Beware: Shoulds du jour
Shoulds du jour or highly ‘socially altruistic’ sounding shoulds could be a case of special pleading (i.e., overblown or high-sounding arguments that disguise a lame should).
One of us [RM] falls for the ‘altruistic sounding shoulds’ with some regularity.
RM’s daughter asks to go to a friend’s house to stay over on a Friday night. RM responds gruffly: ‘You’re not going to get any sleep, and you need your sleep. It’s out of the question.’
Interestingly, RM has often not shown any concern about her sleep, and indeed kept her up himself on occasion. When asked why he didn’t simply say to her — But wouldn’t you rather spend time with me?
He laughs and reflects: ‘That would have sounded pathetic.’
So the lame should that was really the cause of the anger (i.e., ‘she should want to spend time with her father’) gets replaced by an altruistic mask (‘she should get more sleep’).
Now it’s time for you to have a go at identifying the should in a couple of cases (answers shown at end of chapter):
1. I [SL] show my friend a film of mine I really liked; the friend watches it but takes breaks to get food, and seems distracted throughout the film.
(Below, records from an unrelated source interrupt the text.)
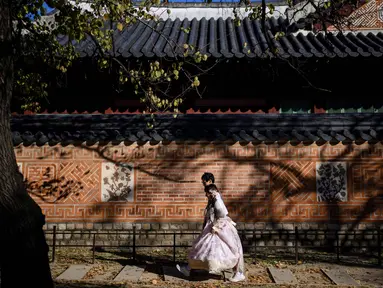 Orang-orang mengenakan Hanbok (pakaian tradisional Korea) saat mereka mengunjungi halaman Istana Gyeongbokgung di Seoul pada tanggal 2 November 2023. (ANTHONY WALLACE/AFP)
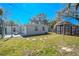 Cozy backyard featuring a shed, stepping stones, and plenty of room to entertain at 3820 E Lakeshore Dr, Tampa, FL 33604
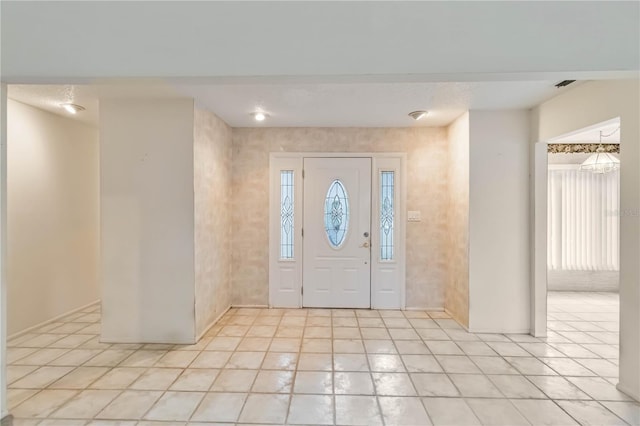 foyer entrance featuring light tile patterned floors and baseboards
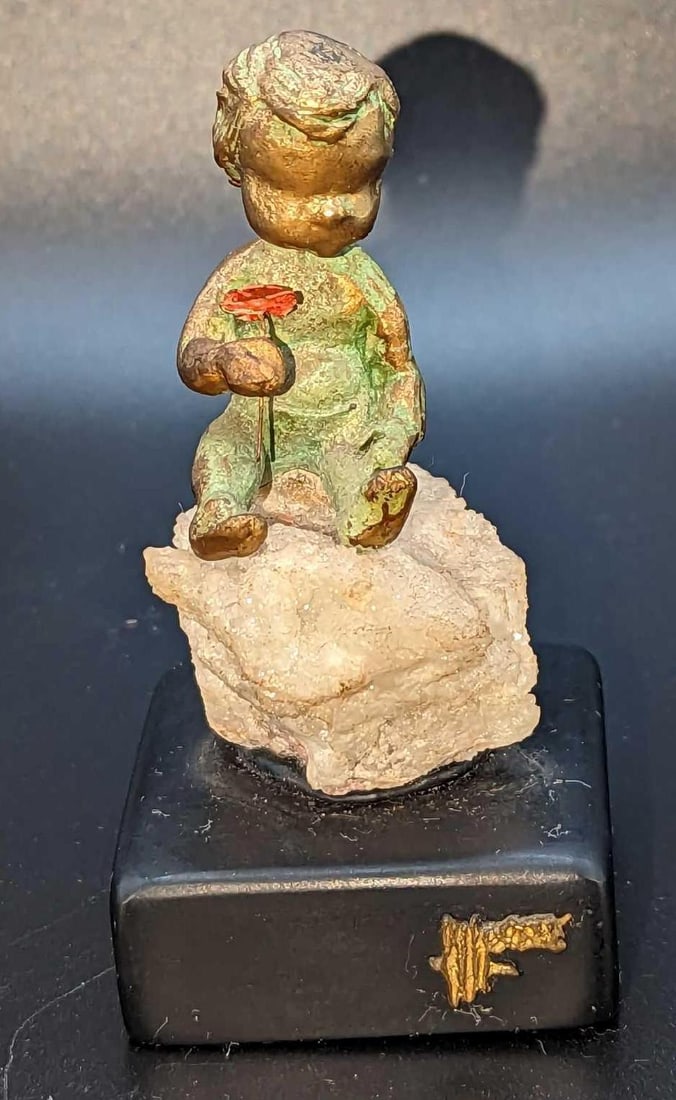 Vintage Malcolm Moran Child Bronze Sculpture: Vintage Malcolm Moran Child Bronze Sculpture. This was released in 1972. This is approx 2" x 2" x 3 3/4" and it weighs 0.33lb. The baby figurine sits on what appears to be a Geode rock. The base 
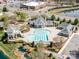 Aerial view of community pool with slide, pond, and landscaping at 8708 Soaring Eagle Ln, Waxhaw, NC 28173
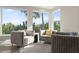 Relax in this cozy sitting area with palm tree views and comfortable seating at 4911 S Atlantic Ave, Ponce Inlet, FL 32127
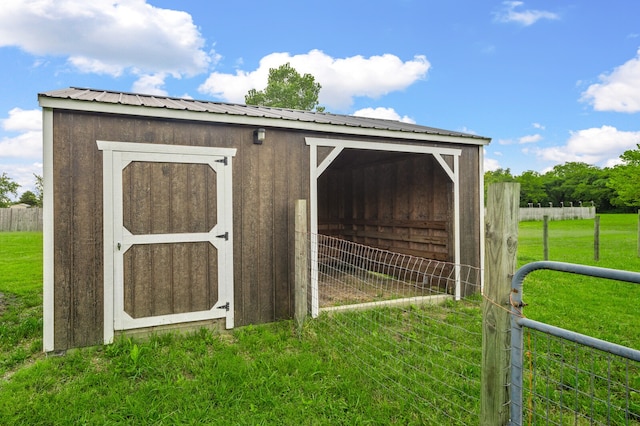 view of outbuilding with a yard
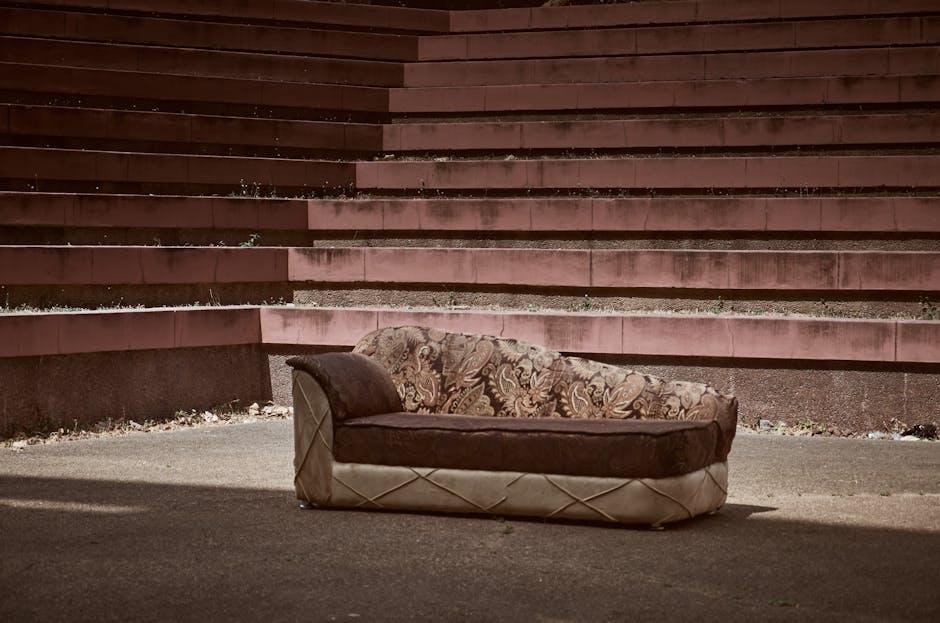 An old, worn-out sofa with a floral patterned fabric on the backrest and armrest, and a dark brown velvet material on the seat cushion, is situated outdoors on a paved surface. The sofa shows signs of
At the end he makes highly critical and academic remarks about it.
I say: It pisses me off the way people can’t just watch films simply, but rather feel they have to pick at it. An action film is an action film; you can’t watch it expecting a sophisticated epic…’
What’s the causal should here? What clues are there here that the stated should is not causal?
2. John’s friend often leaves social events at around 9.30 pm, saying, ‘I’ve gotta get up early’. On this occasion, there were only a few people at John’s party. His friend leaves early and John gets annoyed, and says, ‘I just think people have gotta let their bloody hair down sometimes’. On a previous occasion, the friend had left at around the same time, but John had plenty of other guests there. This hadn’t annoyed him at all.
See the following answers to the earlier example cases, do they agree with yours?
1. My friend should respect my taste in films.
Clues: The expressed should is a generalisation (‘people’, ‘films’) and a relatively ‘intellectual’ or ‘high-sounding’ should. This doesn’t explain the intensity or timing of the reaction.
2. My friend shouldn’t have left the party so soon when there were so few people there.
Clues: The comparison sets are the clue here.